Assignment:
Without including the pictures, copy out every line below.

The records:
▼
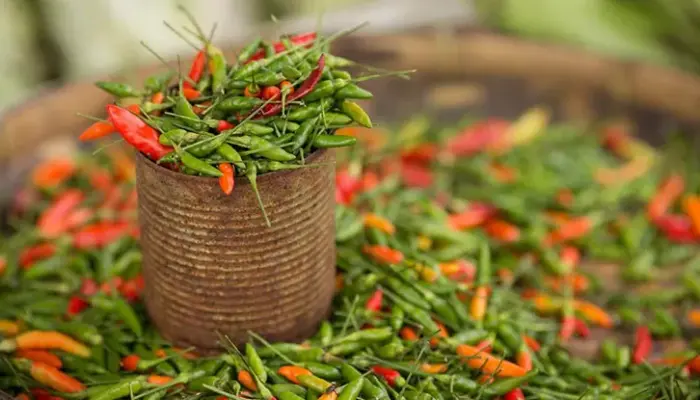 4 Jenis Cili Permintaan Tinggi di Malaysia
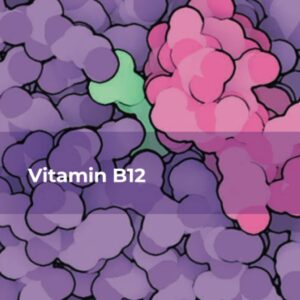 Vitamin B12 (Volume 119) (Vitamins and Hormones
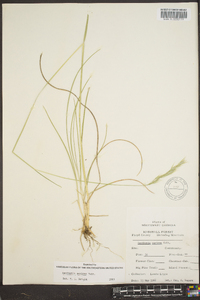 Danthonia sericea image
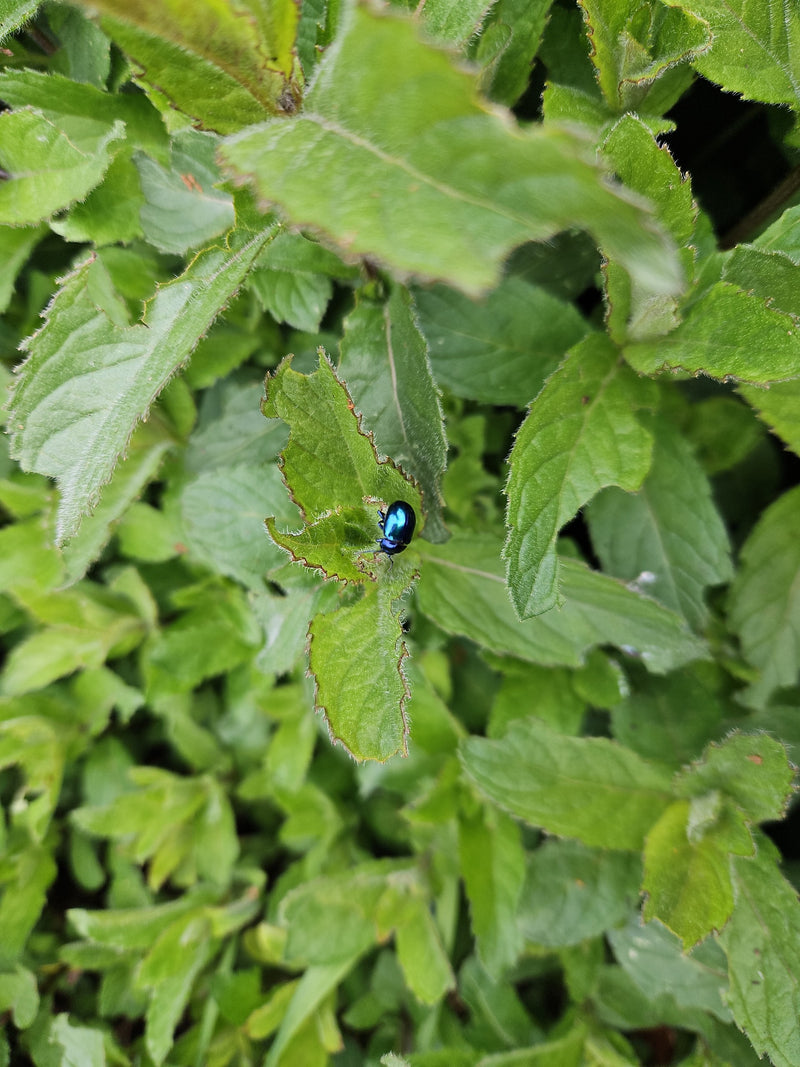 Muntbladkever (larve) — foto 2 van 11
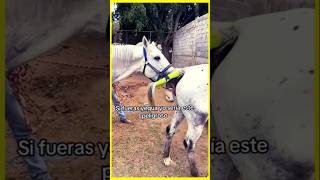 Una yegua en celo #animales #animallife #caballeriza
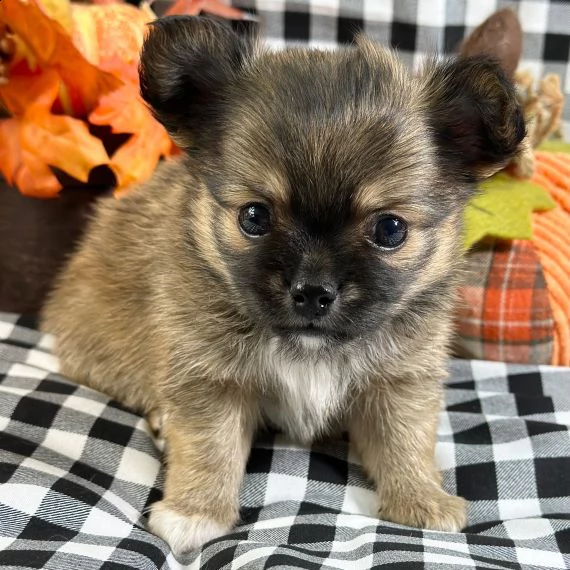 adorabile cucciolo di chihuahua in reinserimento ❤️ | Foto 2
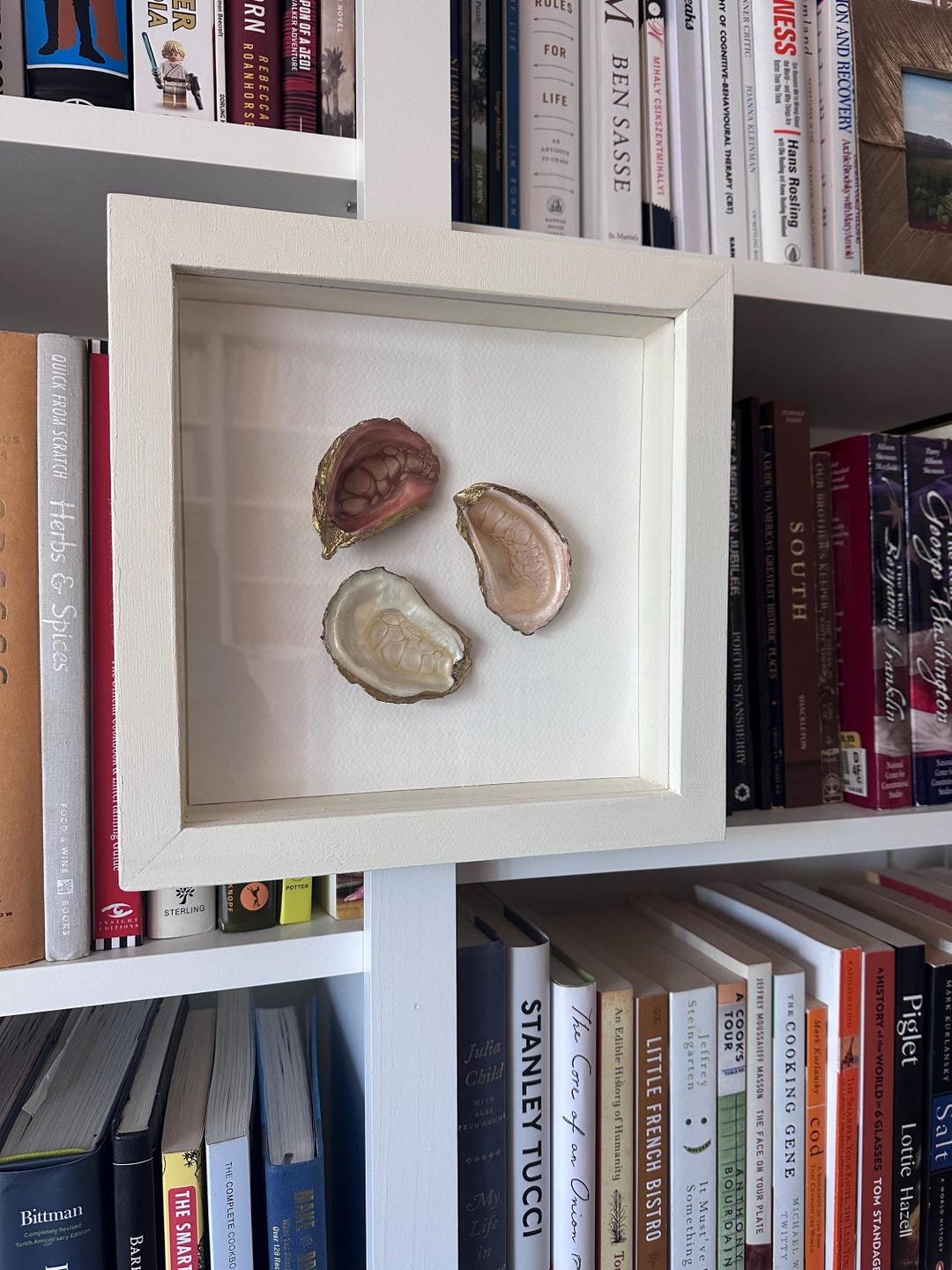 Handmade Oyster Shell Shadow Box Art: Peach, Ivory, Gold Accents - Etsy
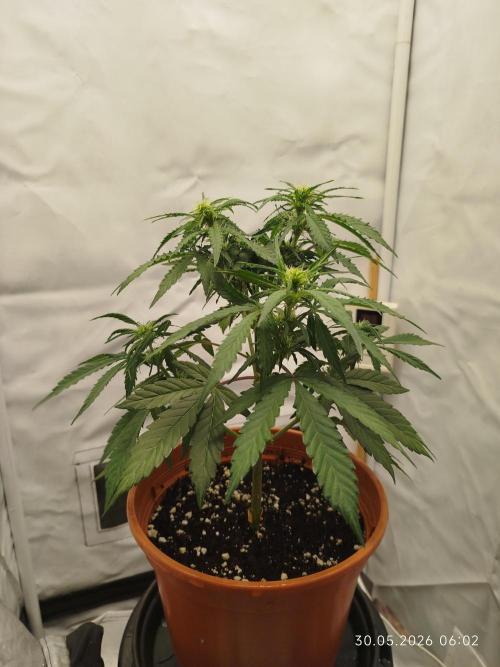 Blue Amnesia. Week 6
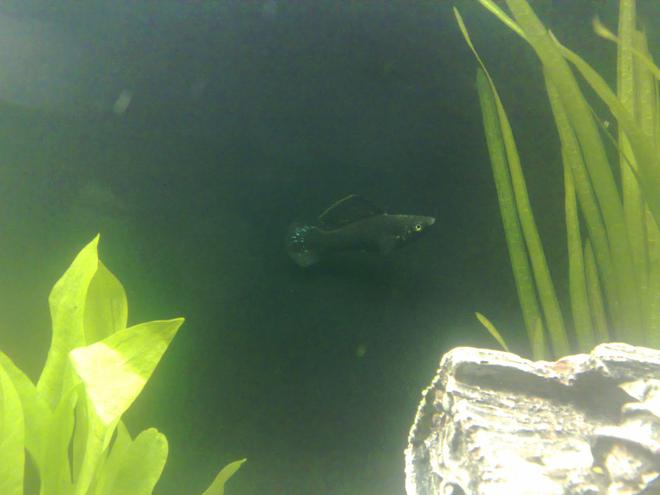 freshwater fish - poecilia latipinna - black molly stocking in 100 gallons tank - Black Molly fish (male)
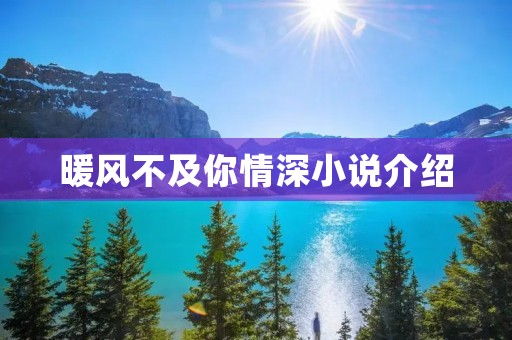 暖风不及你情深小说介绍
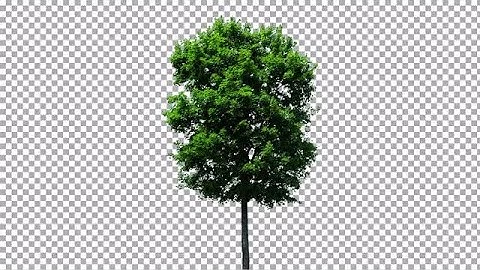 Isolated Swaying Tree Stock Video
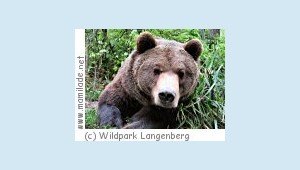 Wildpark Langenberg Wildpark Langenberg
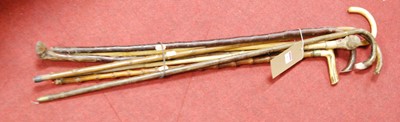 Lot 163 - A collection of six various walking canes
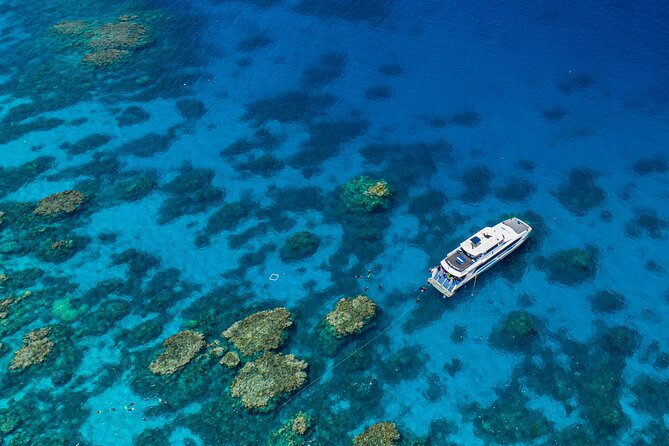 Silverswift Dive and Snorkel Great Barrier Reef Cruise - Key points before you book
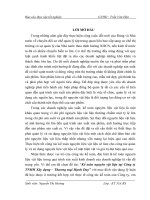 Luận văn tốt nghiệp chuyên nghành kế toán NVL dành cho sinh vien kinh tế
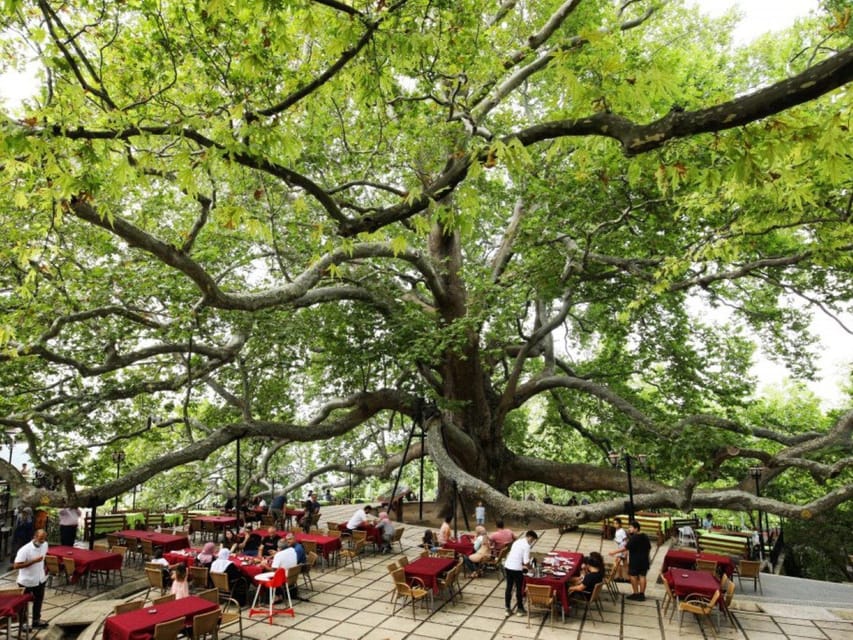 Bursa Full Day Sightseeing Tour from Istanbul - Barbecue lunch and free time in Uludağ National Park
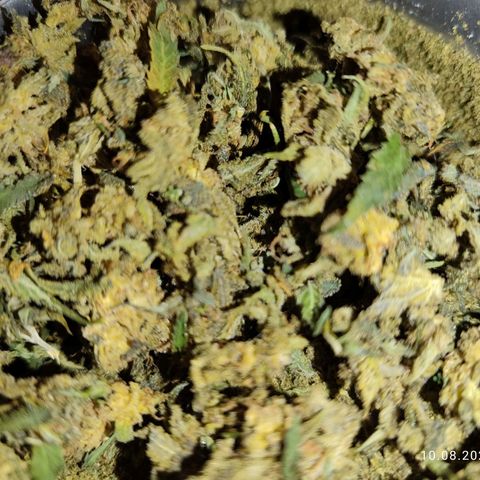 Mary Jane growlog timeline photo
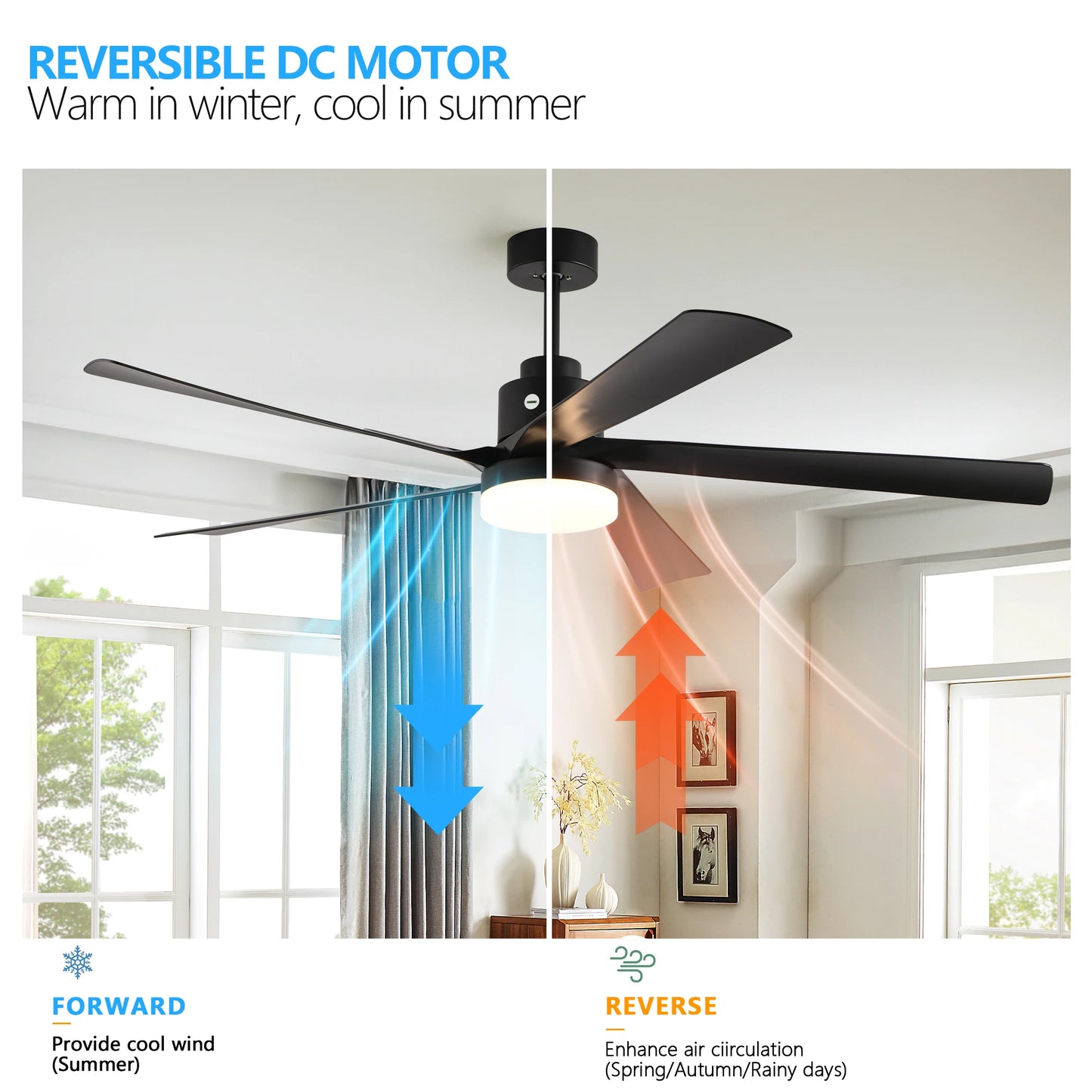 Black Ceiling Fan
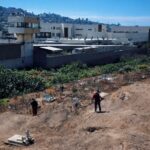 WhatsApp Image 2026-04-05 at 3.46.32 PM (2)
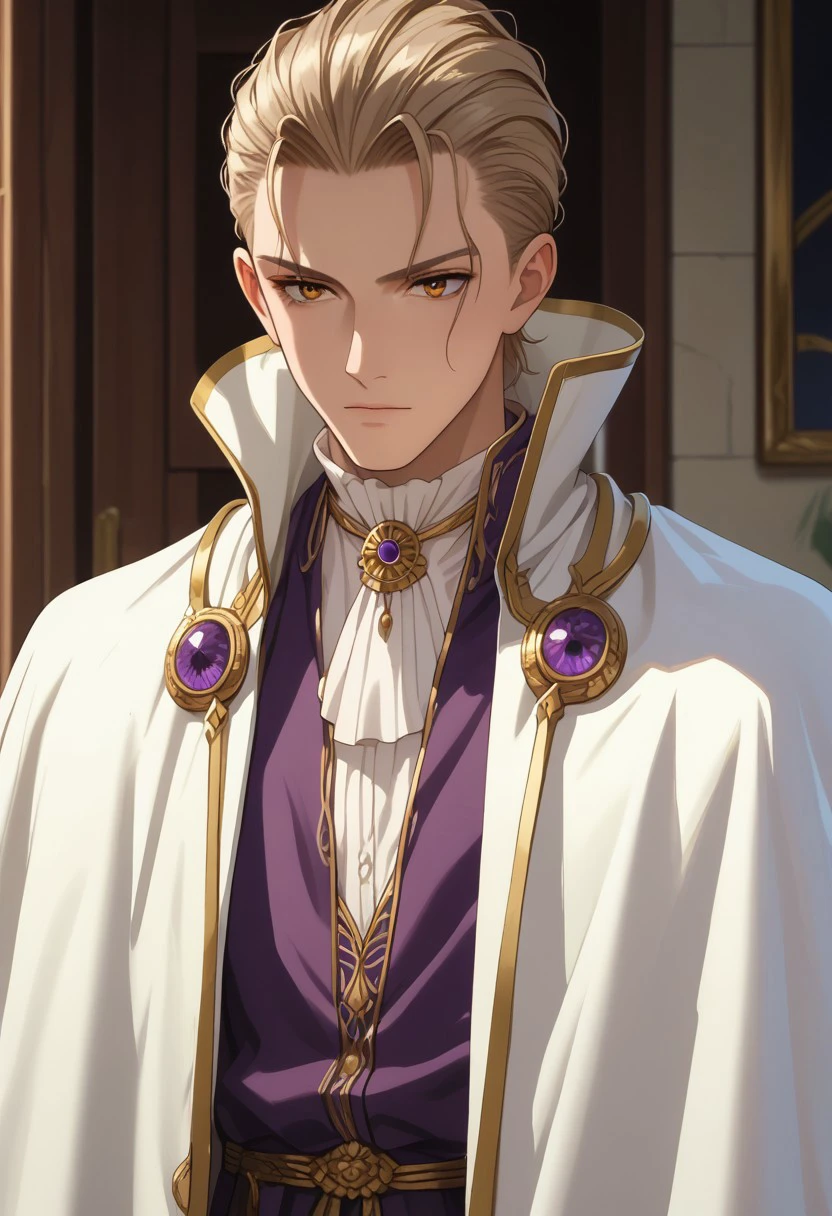 score_9, score_8_up, score_7_up, source_anime, rating_safe, hair slicked back,, Benook, 1boy, male focus, anime screencap, collared white-gold cape, purple robe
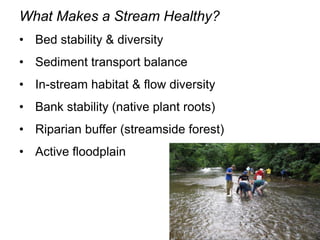 What Makes a Stream Healthy? ,[object Object]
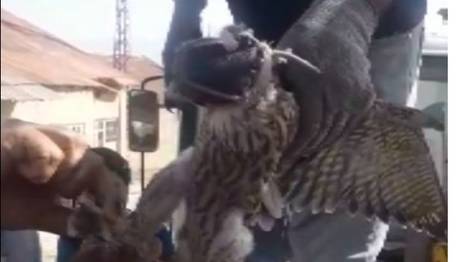 Ayaklarına Kuş ölüsü bağlı, Başında Maske Bulunan Şahin Kurtarıldı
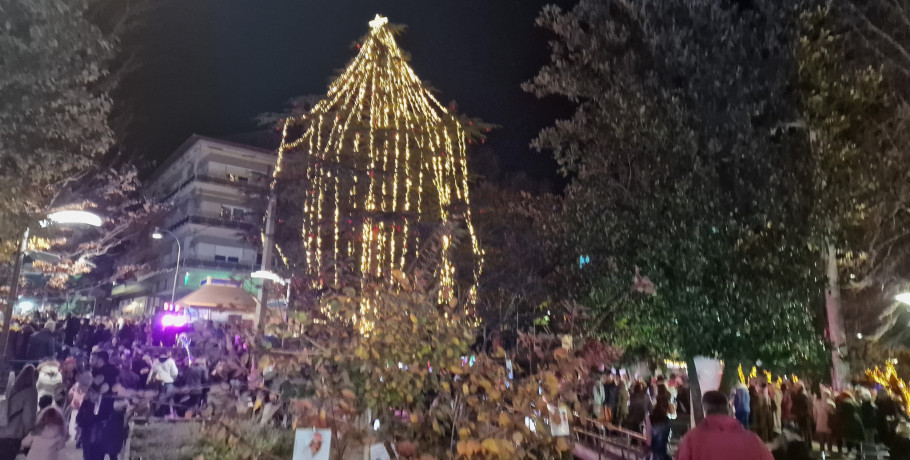 Η Έδεσσα φόρεσε τα γιορτινά της – Άναψε το φυσικό, υπέροχο Χριστουγεννιάτικο δέντρο στην καρδιά της πόλης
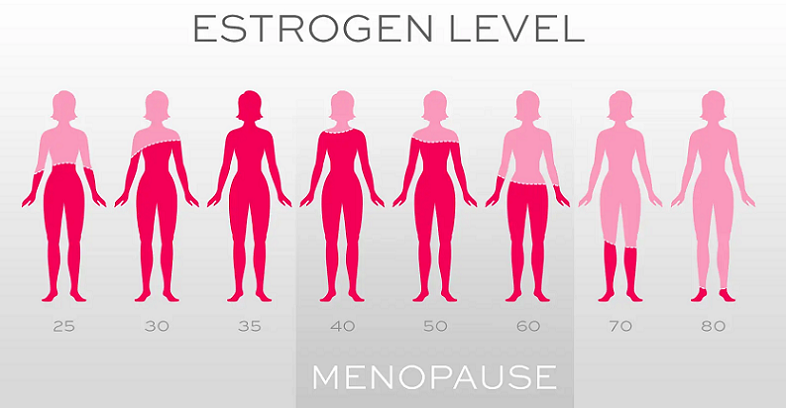 estrogen cognitive effects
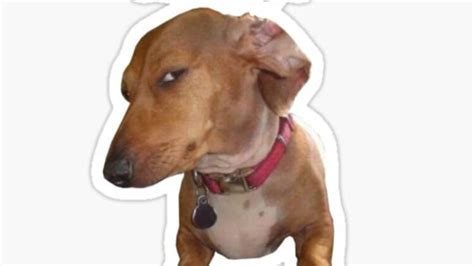 21 Dog Side Eye Meme That Will Make You Laugh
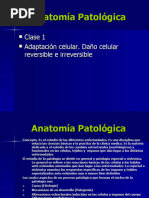 Clase 1 Nuevo Presentación de Microsoft PowerPoint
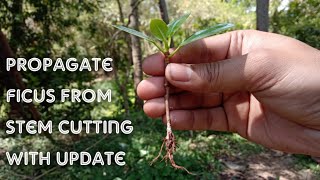 Propagate Green Island Ficus or Ficus Microcarpa from Cuttings with Update [upl. by Ramos103]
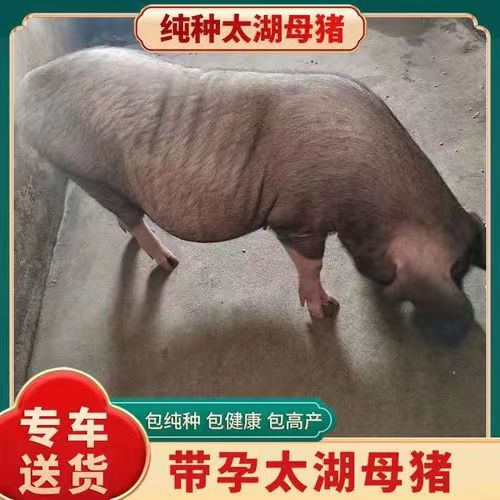 湘乡市太湖猪苗  原种太湖母猪 梅山母猪产崽多母性好 品种保证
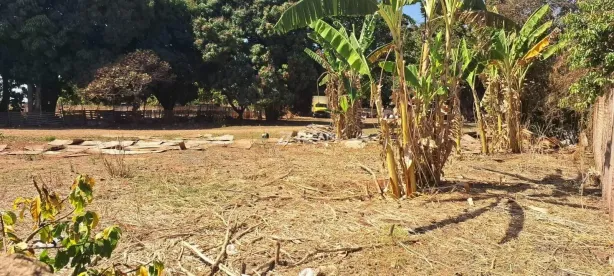 Lote/Terreno à venda, 8000m² no Amoroso Costa, Uberaba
▲
Problem solution:
 4 Jenis Cili Permintaan Tinggi di Malaysia
 Vitamin B12 (Volume 119) (Vitamins and Hormones
 Danthonia sericea image
 Muntbladkever (larve) — foto 2 van 11
 Una yegua en celo #animales #animallife #caballeriza
 adorabile cucciolo di chihuahua in reinserimento ❤️ | Foto 2
 Handmade Oyster Shell Shadow Box Art: Peach, Ivory, Gold Accents - Etsy
 Blue Amnesia. Week 6
 freshwater fish - poecilia latipinna - black molly stocking in 100 gallons tank - Black Molly fish (male)
 暖风不及你情深小说介绍
 Isolated Swaying Tree Stock Video
 Wildpark Langenberg Wildpark Langenberg
 Lot 163 - A collection of six various walking canes
 Silverswift Dive and Snorkel Great Barrier Reef Cruise - Key points before you book
 Luận văn tốt nghiệp chuyên nghành kế toán NVL dành cho sinh vien kinh tế
 Bursa Full Day Sightseeing Tour from Istanbul - Barbecue lunch and free time in Uludağ National Park
 Mary Jane growlog timeline photo
 Black Ceiling Fan
 WhatsApp Image 2026-04-05 at 3.46.32 PM (2)
 score_9, score_8_up, score_7_up, source_anime, rating_safe, hair slicked back,, Benook, 1boy, male focus, anime screencap, collared white-gold cape, purple robe
 What Makes a Stream Healthy? ,[object Object]
 Ayaklarına Kuş ölüsü bağlı, Başında Maske Bulunan Şahin Kurtarıldı
 Η Έδεσσα φόρεσε τα γιορτινά της – Άναψε το φυσικό, υπέροχο Χριστουγεννιάτικο δέντρο στην καρδιά της πόλης
 estrogen cognitive effects
 21 Dog Side Eye Meme That Will Make You Laugh
 Clase 1 Nuevo Presentación de Microsoft PowerPoint
 Propagate Green Island Ficus or Ficus Microcarpa from Cuttings with Update [upl. by Ramos103]
 湘乡市太湖猪苗  原种太湖母猪 梅山母猪产崽多母性好 品种保证
 Lote/Terreno à venda, 8000m² no Amoroso Costa, Uberaba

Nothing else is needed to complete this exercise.